**PROBLEM DESCRIPTION:** Hunt through the entries for the word "Alexander" and copy each line in which it appears.

**DATA EXTRACTS:**
━━━━━━
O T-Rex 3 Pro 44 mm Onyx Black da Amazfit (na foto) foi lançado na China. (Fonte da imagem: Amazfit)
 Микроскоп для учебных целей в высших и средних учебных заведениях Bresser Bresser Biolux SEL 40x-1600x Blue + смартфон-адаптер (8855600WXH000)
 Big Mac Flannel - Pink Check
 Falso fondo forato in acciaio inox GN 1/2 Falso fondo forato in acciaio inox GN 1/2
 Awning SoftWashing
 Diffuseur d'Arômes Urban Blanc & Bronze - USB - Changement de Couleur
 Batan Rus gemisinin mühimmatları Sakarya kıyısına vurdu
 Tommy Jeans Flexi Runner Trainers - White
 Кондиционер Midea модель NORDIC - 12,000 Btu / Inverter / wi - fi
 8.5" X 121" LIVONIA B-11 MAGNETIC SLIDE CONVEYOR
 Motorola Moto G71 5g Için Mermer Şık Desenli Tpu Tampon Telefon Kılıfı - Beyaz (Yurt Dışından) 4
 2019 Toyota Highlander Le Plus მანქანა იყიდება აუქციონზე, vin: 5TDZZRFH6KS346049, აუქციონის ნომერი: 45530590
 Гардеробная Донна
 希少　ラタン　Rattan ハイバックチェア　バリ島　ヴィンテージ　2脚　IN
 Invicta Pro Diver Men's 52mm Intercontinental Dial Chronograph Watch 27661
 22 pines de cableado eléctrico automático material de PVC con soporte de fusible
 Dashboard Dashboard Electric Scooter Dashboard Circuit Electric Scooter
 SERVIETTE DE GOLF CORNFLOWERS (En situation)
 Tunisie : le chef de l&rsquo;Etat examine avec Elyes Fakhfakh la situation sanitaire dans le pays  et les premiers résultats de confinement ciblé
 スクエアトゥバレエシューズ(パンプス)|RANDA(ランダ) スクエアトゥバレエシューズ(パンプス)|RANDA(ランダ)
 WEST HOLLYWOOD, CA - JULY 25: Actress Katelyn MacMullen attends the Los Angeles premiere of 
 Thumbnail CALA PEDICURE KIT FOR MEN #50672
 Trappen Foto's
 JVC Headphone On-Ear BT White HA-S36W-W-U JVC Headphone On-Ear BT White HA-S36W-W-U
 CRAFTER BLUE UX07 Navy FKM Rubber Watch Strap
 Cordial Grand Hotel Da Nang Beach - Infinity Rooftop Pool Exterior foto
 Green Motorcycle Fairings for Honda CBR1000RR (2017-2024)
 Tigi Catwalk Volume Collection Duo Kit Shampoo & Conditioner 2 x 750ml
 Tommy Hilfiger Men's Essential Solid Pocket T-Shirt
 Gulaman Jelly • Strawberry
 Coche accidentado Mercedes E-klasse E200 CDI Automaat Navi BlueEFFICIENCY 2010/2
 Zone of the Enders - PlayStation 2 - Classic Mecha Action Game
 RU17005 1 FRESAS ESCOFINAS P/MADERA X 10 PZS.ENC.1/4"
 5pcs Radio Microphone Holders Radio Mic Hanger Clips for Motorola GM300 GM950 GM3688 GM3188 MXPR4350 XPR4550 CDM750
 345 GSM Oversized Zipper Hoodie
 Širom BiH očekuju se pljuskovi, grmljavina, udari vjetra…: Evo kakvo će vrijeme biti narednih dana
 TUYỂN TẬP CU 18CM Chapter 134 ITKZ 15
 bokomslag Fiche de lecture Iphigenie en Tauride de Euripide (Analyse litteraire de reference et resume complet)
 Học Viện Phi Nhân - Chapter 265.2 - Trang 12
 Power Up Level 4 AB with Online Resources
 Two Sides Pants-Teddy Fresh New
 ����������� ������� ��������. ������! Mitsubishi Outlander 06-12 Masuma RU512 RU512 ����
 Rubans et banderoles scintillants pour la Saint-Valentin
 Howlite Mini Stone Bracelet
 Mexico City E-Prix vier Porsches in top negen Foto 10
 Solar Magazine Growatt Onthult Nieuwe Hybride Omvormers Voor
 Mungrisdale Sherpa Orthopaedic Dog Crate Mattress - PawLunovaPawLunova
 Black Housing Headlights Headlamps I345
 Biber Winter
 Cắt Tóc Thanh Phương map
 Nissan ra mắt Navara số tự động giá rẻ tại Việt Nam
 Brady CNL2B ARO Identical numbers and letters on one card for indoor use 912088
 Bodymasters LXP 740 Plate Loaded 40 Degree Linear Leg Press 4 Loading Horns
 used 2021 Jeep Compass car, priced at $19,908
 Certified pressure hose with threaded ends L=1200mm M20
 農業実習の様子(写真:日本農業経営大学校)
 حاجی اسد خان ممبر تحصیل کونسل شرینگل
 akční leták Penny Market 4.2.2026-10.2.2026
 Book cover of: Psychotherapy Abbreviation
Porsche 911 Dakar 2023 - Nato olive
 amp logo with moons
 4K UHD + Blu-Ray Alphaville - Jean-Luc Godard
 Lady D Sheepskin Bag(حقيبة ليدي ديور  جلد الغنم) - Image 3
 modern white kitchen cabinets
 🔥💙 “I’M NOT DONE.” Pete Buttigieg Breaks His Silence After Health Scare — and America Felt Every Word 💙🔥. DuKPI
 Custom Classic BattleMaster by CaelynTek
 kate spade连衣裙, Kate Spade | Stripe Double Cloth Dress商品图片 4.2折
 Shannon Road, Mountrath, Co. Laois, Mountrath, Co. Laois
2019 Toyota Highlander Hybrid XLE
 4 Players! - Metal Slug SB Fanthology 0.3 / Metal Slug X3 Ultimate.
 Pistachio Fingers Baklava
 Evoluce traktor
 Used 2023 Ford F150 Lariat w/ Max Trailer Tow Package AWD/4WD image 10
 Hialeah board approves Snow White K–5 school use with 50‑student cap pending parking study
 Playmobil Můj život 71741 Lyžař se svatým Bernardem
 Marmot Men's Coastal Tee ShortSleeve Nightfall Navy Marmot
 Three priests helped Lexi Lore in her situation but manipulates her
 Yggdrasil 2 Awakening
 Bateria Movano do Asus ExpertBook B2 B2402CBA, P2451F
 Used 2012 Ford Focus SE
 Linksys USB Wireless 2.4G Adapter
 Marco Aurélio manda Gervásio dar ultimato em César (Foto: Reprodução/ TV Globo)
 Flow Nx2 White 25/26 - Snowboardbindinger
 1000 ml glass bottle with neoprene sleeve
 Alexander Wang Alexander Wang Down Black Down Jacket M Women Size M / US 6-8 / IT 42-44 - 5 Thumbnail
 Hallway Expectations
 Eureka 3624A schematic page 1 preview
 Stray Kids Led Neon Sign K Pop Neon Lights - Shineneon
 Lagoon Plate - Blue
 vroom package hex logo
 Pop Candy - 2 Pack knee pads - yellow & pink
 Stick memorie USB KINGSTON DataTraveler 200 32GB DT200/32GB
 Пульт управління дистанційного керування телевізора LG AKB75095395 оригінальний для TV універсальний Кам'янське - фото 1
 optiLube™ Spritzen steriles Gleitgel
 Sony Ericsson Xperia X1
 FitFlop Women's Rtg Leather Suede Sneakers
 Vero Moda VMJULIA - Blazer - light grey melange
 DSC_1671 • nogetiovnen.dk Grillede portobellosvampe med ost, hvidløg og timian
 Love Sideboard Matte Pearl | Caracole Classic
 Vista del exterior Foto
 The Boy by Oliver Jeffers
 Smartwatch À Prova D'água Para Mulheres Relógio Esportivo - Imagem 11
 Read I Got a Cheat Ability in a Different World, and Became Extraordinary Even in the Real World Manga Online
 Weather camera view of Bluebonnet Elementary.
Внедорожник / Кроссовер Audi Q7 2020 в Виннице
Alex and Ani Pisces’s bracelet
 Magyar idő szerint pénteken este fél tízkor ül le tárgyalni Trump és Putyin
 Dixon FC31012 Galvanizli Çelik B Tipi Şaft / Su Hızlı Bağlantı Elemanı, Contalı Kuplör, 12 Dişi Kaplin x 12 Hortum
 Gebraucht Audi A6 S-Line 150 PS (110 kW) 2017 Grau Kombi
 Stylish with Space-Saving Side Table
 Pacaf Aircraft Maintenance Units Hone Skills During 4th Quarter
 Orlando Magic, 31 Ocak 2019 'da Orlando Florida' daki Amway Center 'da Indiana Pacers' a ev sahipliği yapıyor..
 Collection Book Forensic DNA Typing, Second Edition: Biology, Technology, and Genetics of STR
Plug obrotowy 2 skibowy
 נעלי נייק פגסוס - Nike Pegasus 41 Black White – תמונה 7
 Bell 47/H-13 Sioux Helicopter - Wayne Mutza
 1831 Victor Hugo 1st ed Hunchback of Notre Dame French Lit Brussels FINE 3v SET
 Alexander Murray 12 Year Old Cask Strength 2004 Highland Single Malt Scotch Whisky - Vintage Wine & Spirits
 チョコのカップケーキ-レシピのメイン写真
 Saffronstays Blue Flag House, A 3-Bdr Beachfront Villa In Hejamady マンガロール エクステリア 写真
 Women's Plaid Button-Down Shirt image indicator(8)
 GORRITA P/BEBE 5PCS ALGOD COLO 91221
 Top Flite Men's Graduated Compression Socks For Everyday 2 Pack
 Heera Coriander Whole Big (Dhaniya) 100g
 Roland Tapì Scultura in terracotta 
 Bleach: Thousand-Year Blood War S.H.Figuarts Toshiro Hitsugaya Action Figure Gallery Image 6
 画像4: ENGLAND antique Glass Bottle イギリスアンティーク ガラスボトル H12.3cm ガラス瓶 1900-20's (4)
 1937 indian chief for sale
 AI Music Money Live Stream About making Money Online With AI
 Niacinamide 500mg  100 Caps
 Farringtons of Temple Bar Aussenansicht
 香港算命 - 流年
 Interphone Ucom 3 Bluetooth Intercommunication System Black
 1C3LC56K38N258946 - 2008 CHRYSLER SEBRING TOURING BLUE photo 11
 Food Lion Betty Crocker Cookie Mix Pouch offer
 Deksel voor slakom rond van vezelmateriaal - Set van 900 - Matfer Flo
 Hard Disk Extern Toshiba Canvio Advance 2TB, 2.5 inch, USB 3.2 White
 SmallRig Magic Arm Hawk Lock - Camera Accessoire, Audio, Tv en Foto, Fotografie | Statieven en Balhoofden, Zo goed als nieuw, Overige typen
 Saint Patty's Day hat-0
━━━━━━
**EXERCISE SOLUTION:**
 Alexander Wang Alexander Wang Down Black Down Jacket M Women Size M / US 6-8 / IT 42-44 - 5 Thumbnail
 Alexander Murray 12 Year Old Cask Strength 2004 Highland Single Malt Scotch Whisky - Vintage Wine & Spirits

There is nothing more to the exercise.